IPP Mail Archive: Re: IPP>PRO comments on CPAP

Re: IPP>PRO comments on CPAP

JK Martin (jkm@underscore.com)
Fri, 9 May 1997 01:37:09 -0400 (EDT)

Bob,

Thanks for getting the discussion rolling. This post is a bit long,
but hopefully reads very quickly. After reading this message, one
should be able to fully understand CPAP in the context of HTTP-like
protocol operations without having to read the CPAP spec:

ftp://ftp.pwg.org/pub/pwg/ipp/new_PRO/cpap.ps

> In CPAP a client opens a connection (e.g TCP/IP) and sends a series
> of operations. The syntax for CPAP (simplified) is:
> Integer-opcode Sequence-Number Length blank Data

The Opcode, Sequence-Number and Length fields are all displayable text.
There is no binary data involved. (Just so folks are clear on this.)

Also, "Sequence-Number" is more like "Transaction-Id", similar to that
used in SNMP and other protocols. The client is free to set that number
to any value of its choice, since it's primary purpose is to identify
the associated reply message.

Speaking of request and reply (response) messages:

One of the interesting aspects of CPAP is that there is only ONE type
of response message: Reply

Every request message has a corresponding Reply, but the same message
format is used for all responses. Unlike some protocols that define
messages such as:

Foo-Request, Foo-Response
More-Request, More-Response
...etc

CPAP instead has a *very* simple data model that requires only a
single type of response message.

While the vast bulk of activity between the client and server can be
totally synchronous, the design of CPAP allows a client to post several
requests, then receive the responses. The client keys off the Reply's
sequence number (we call it "message id" at Underscore) to know which
request the Reply is for.

Other key aspects about the protocol design:

* All requests utilize a simple command (opcode) and zero or
more "variables" (named strings); like HTTP, there are no
fixed formats for the message definitions, thereby allowing
for arbitrary extensibility.

* All message data is displayable text; however the payload of
the message can be arbitrary binary data; note, though, that
none of the defined messages contains any kind of binary data.

* Control messages and document data can exist either entirely
separately (via separate channels), or co-exist within a single
channel; in the single channel case, the document data is passed
in multiple DATA messages.

* When a separate data channel is used to convey a document,
neither the client NOR the server must parse any of the data;
when the client closes the data channel connection, the server
knows the document data is complete.

The concept of separate control and data channels was directly lifted
from the experience learned from FTP. It works.

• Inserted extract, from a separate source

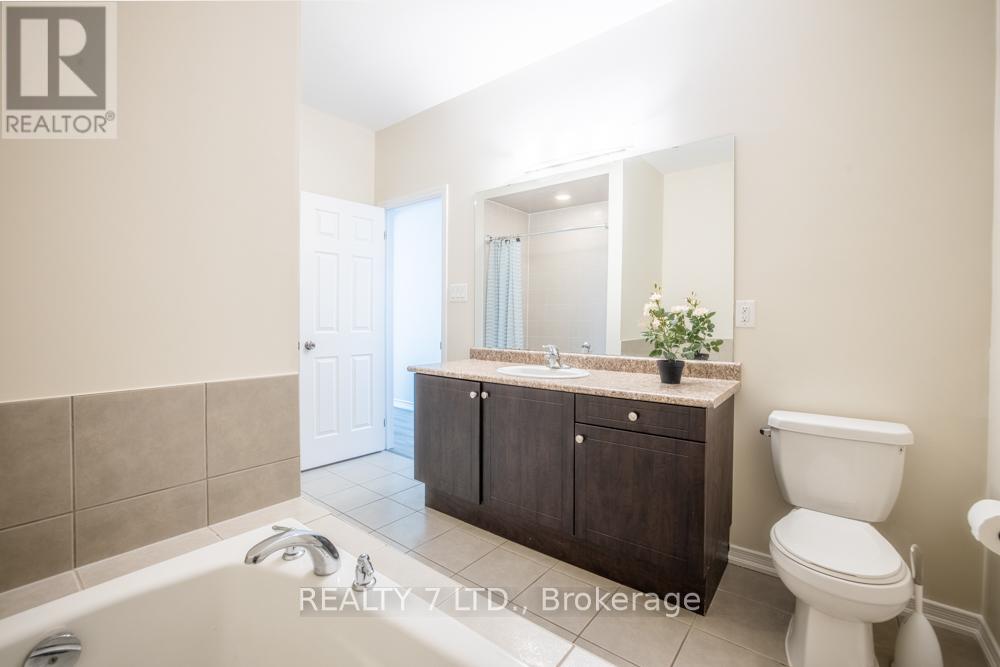 8541 Sweet Chestnut Drive, Niagara Falls, Ontario  L2H 0N1 - Photo 13 - X12829288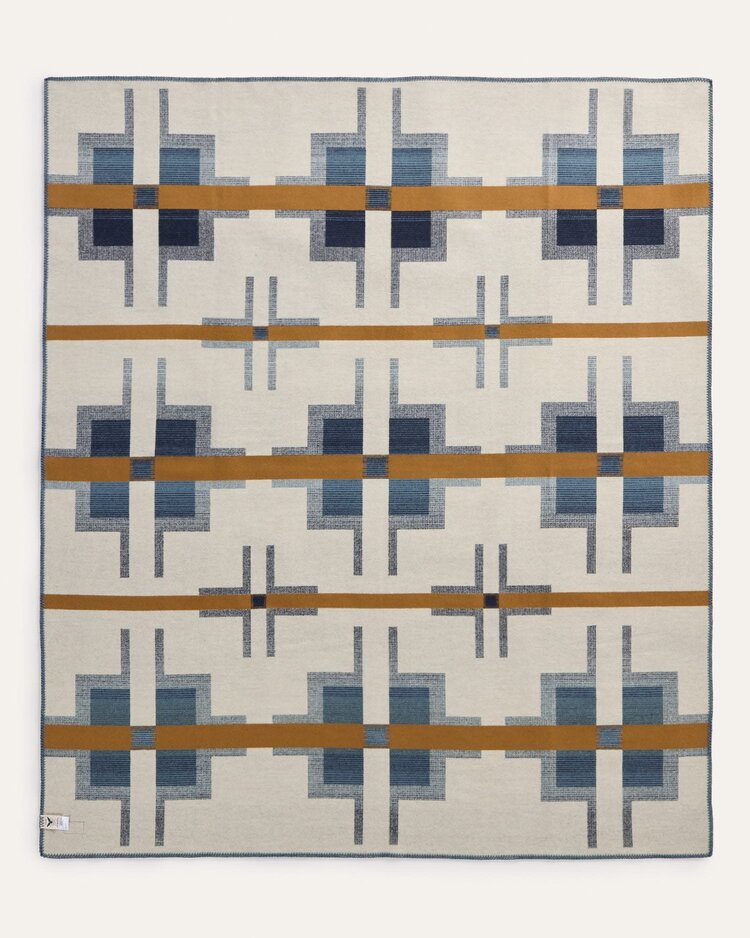 Pendleton Jacquard Unnapped Robe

And it works really
well:

* The client can stream data down the data channel without having
to know how much data is involved, or have to deal with "boundary"
delimiters.

* Since there is absolutely NO framing involved, performance can
reach the theoretical maximum between the client and server.

* Separate channels allows for some very interesting (and useful)
implementations whereby separate processes can handle the control
and data channels in a very effective manner.

Bob, you're a Unix person. On that last item, think about the classic
BSD LPD implementation. The "if" filter can simply stream its document
data at the printer without getting at all involved in the session/job
negotiation. Very fast. Very simple. Very cheap.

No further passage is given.